All’associazione Don Nesi il ricordo dello scrittore Carlo Coccioli
l’associazione Don Nesi, con il suo animatore Stefano Romboli, ha chiamato a confrontarsi due esperti di letteratura, Giorgio Bernard ed Antonio Celano, nonché il giornalista Marco Ceccarini, che Coccioli conobbe ed intervistò a più riprese
Rendere la figura di Carlo Coccioli alla città di Livorno, dove nacque nel maggio 1920. Questo è stato il senso dell’iniziativa che si è svolta in Corea per volontà dell’associazione Don Nesi. Quest’anno è caduto il ventennale della scomparsa di Coccioli, avvenuta a Città del Messico nell’agosto 2003. Così l’associazione Don Nesi, con il suo animatore Stefano Romboli, ha chiamato a confrontarsi due esperti di letteratura, Giorgio Bernard ed Antonio Celano, nonché il giornalista Marco Ceccarini, che Coccioli conobbe ed intervistò a più riprese quando, alla metà degli anni Novanta, prese casa sugli scali delle Ancore, nel rione della Venezia, per tentare un improbabile ritorno nella città in cui nacque e visse l’infanzia. Doveva essere presente anche l’assessore alla Cultura del Comune di Livorno, Simone Lenzi, già curatore di un’edizione italiana di “Documento 127”, ma impegni istituzionali lo hanno trattenuto altrove.

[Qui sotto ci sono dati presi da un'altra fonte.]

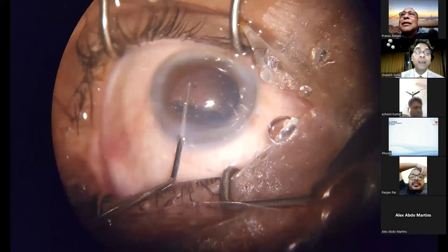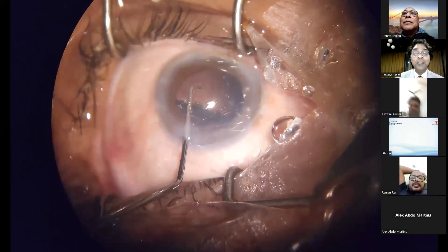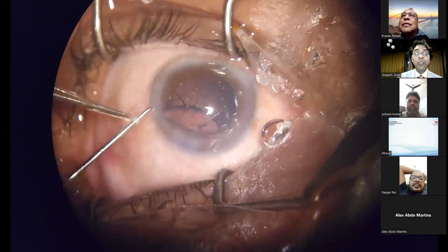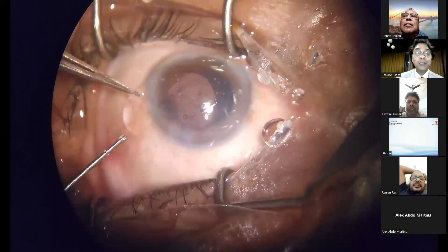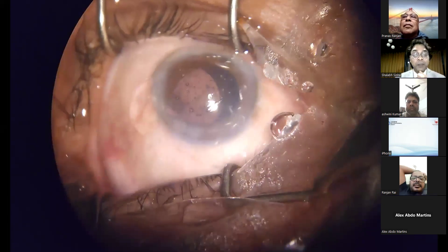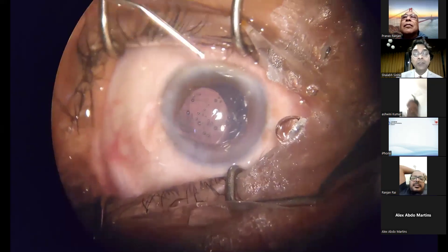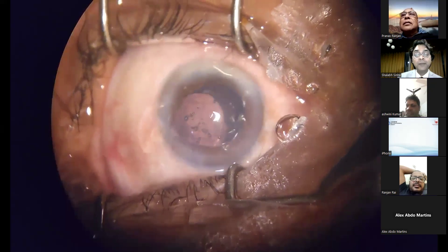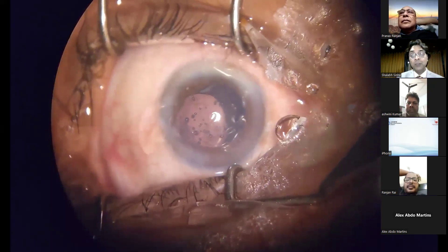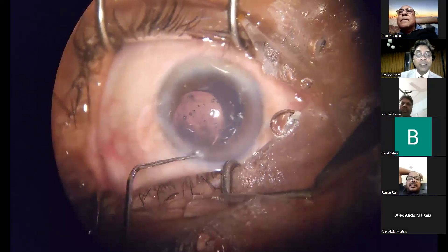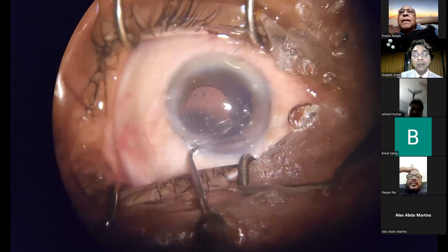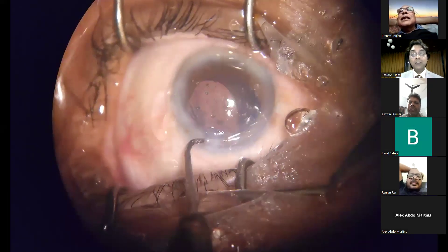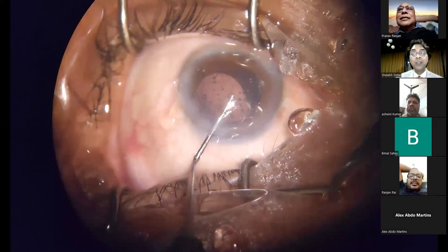In my left hand I have the Kuglen hook; in my right hand I have a Sinsky hook keeping the lens in the anterior chamber. Since the lens is not going into the sulcus, I decided one haptic must come out to prevent it from going down. Using the Kuglen hook, the leading haptic is pulled and brought above the iris, then slowly placed in the sulcus. The trailing haptic is also dialed into the sulcus.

Il Rotary Club Livorno, in sala con il past present Gianluca Rossi, è in accordi con il Comune per dedicare allo scrittore una targa al Famedio di Montenero. Entro breve la commissione Toponomastica esaminerà la proposta.
Omosessuale, padre adottivo di Javier che vive in Messico, partigiano e medaglia d’argento al valore militare, capace di scrivere in italiano, francese, spagnolo e traduttore di sé stesso, da bambino Coccioli seguì il padre Attilio, ufficiale dell’esercito italiano, in Libia, dove trascorse l’adolescenza. In seguito tornò in Italia con la madre Anna, prima a Firenze e poi a Fiume per motivi di studio, ma la seconda guerra mondiale interruppe i suoi progetti. Dopo l’armistizio si unì alle formazioni partigiane sull’appennino Tosco-emiliano. Catturato dai tedeschi, evase dalla prigione di Bologna. Questo gli valse la medaglia al valore militare.
Nell’immediato secondo dopoguerra, si laureò in Lingue e letterature araba ed ebraica all’Istituto orientale di Napoli. A questo periodo risalgono le prime esperienze letterarie che lo portarono nel 1952 alla pubblicazione a Parigi del romanzo “Fabrizio Lupo” che fece grande scalpore per la rivelazione da parte del protagonista, un cattolico, della sua omosessualità. Coccioli fu costretto ad abbandonare l’Italia e poi la Francia per trasferirsi in America Latina e negli Stati Uniti prima di scegliere definitivamente il Messico, dove scrisse le sue opere più importanti, da “David” nel 1976, col quale conquistò la finale del Premio Campiello in Italia, a “Piccolo karma” nel 1987 a “Budda” nel 1990, secondo quella ricerca di Dio che lo ha portato a passare dal Cattolicesimo all’Ebraismo all’Induismo e infine al Buddismo. Tradotto in una ventina di lingue del mondo, è più conosciuto in America Latina e in Francia che in Italia, come ben dimostra il fatto che il suo nome, a cavallo tra gli anni Settanta ed Ottanta del secolo scorso, dal Messico è stato più volte proposto per il premio Nobel della letteratura. Adesso, però, iniziative come svolta in Corea, dove alcune esponenti del circolo Letture ad Alta Voce hanno anche recitato alcuni brani tratti da opere coccioliane, possono aiutare il recupero culturale ed umano di questo scrittore.